• Work to be completed
The data below should be restated word for word, pictures omitted.

• Provided data
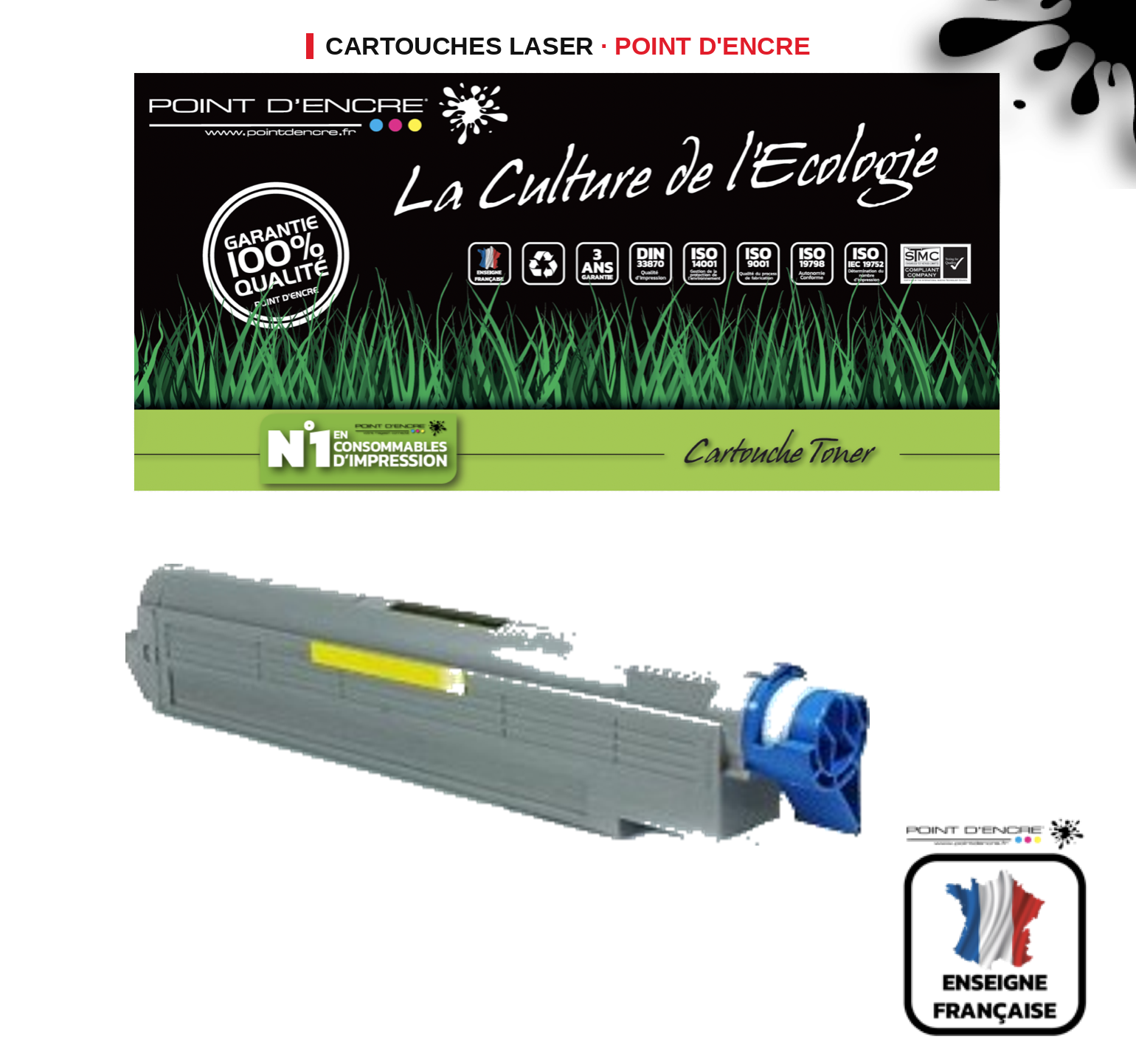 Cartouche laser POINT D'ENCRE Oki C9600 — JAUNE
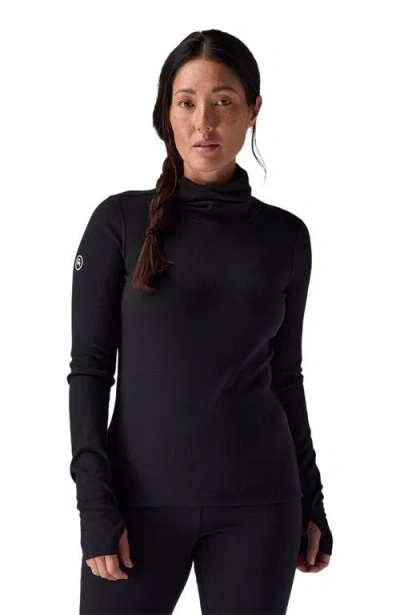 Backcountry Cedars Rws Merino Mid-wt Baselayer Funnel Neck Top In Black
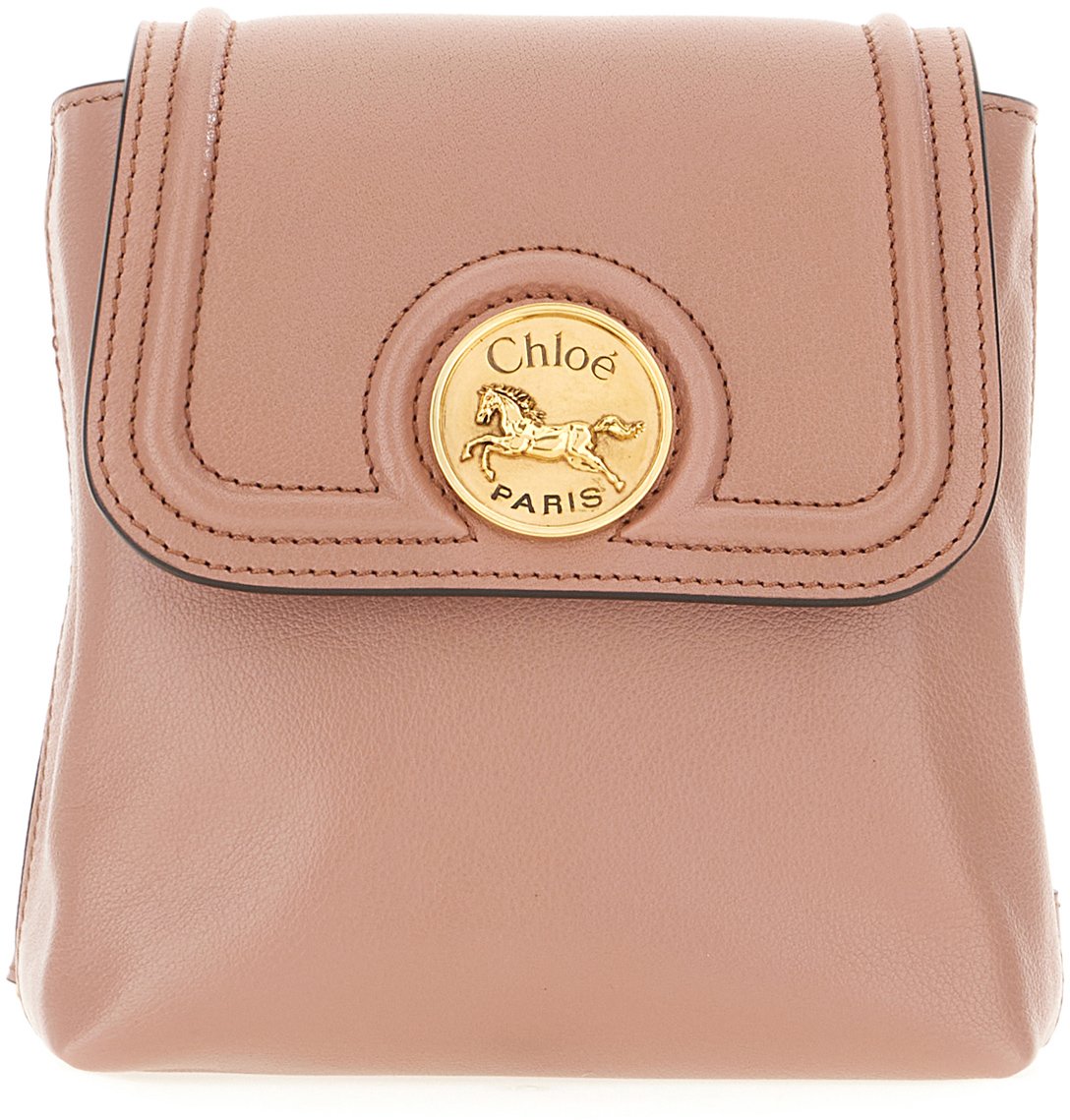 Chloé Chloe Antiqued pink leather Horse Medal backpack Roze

• The completed task
 Cartouche laser POINT D'ENCRE Oki C9600 — JAUNE
 Backcountry Cedars Rws Merino Mid-wt Baselayer Funnel Neck Top In Black
 Chloé Chloe Antiqued pink leather Horse Medal backpack Roze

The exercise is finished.